Assigned task
An exact copy of the records is required, minus the pictures they hold.

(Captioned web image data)
=== Section Start ===
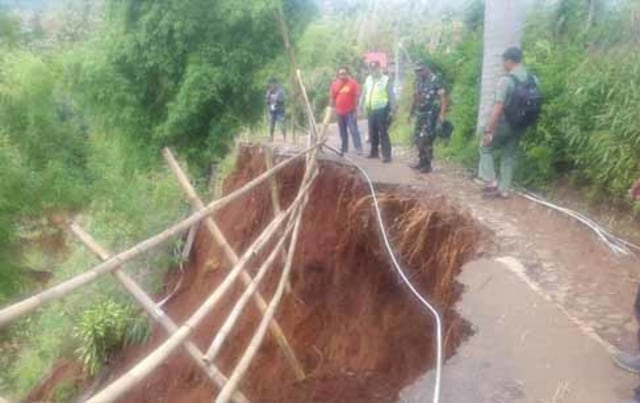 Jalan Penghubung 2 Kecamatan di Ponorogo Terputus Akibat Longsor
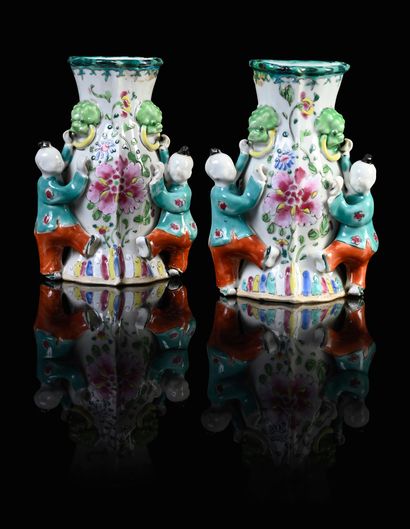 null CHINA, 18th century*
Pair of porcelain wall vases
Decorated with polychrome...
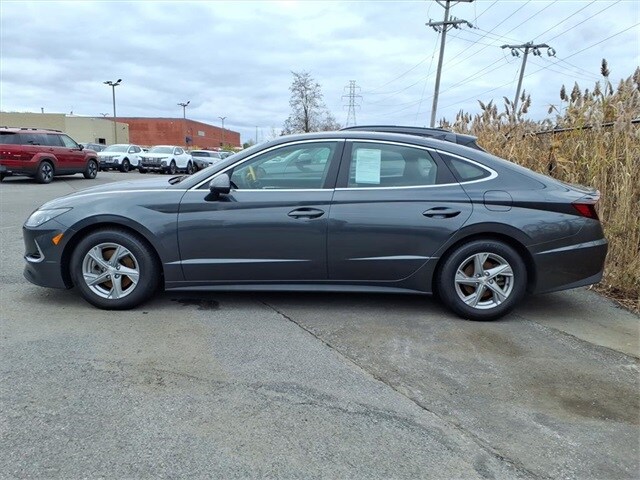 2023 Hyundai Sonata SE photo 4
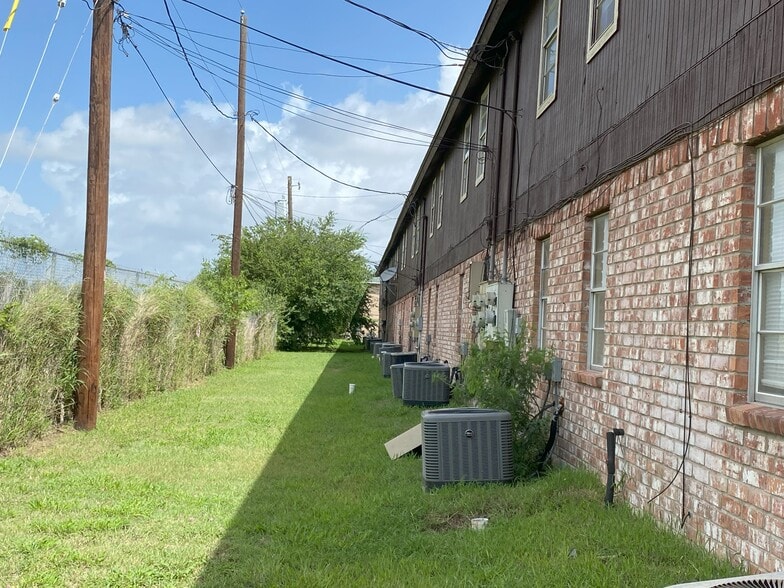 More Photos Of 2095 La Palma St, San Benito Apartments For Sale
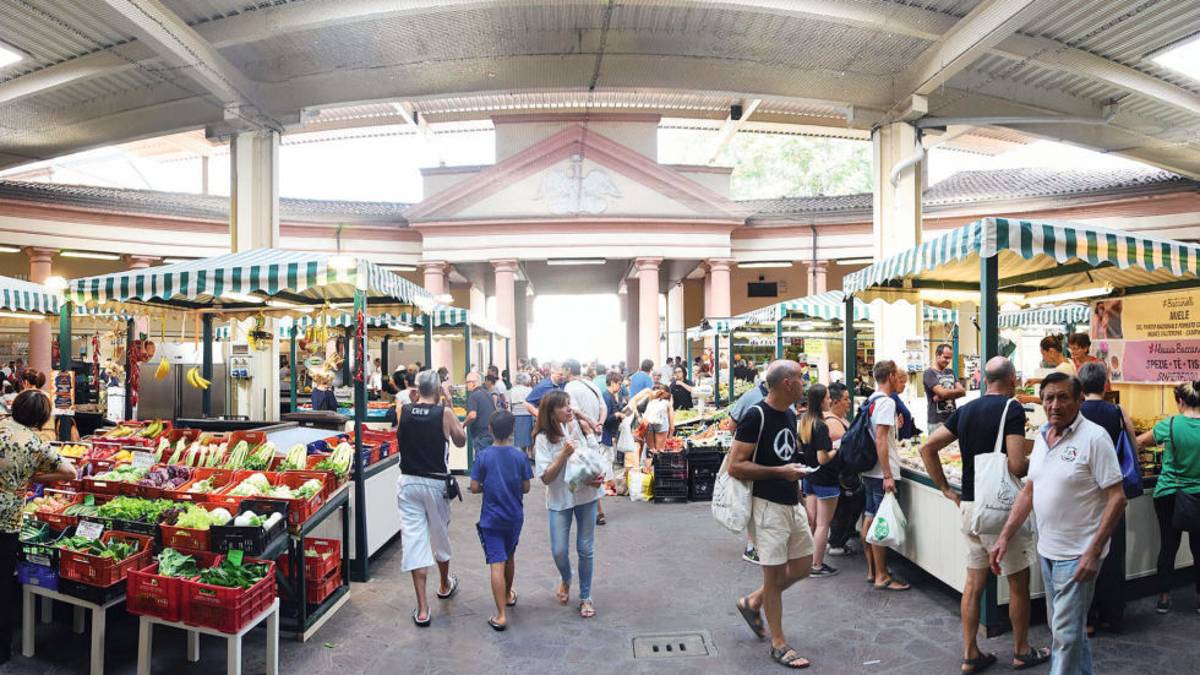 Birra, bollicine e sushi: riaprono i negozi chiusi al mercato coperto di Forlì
=== Section End ===
Result
 Jalan Penghubung 2 Kecamatan di Ponorogo Terputus Akibat Longsor
 null CHINA, 18th century*
Pair of porcelain wall vases
Decorated with polychrome...
 2023 Hyundai Sonata SE photo 4
 More Photos Of 2095 La Palma St, San Benito Apartments For Sale
 Birra, bollicine e sushi: riaprono i negozi chiusi al mercato coperto di Forlì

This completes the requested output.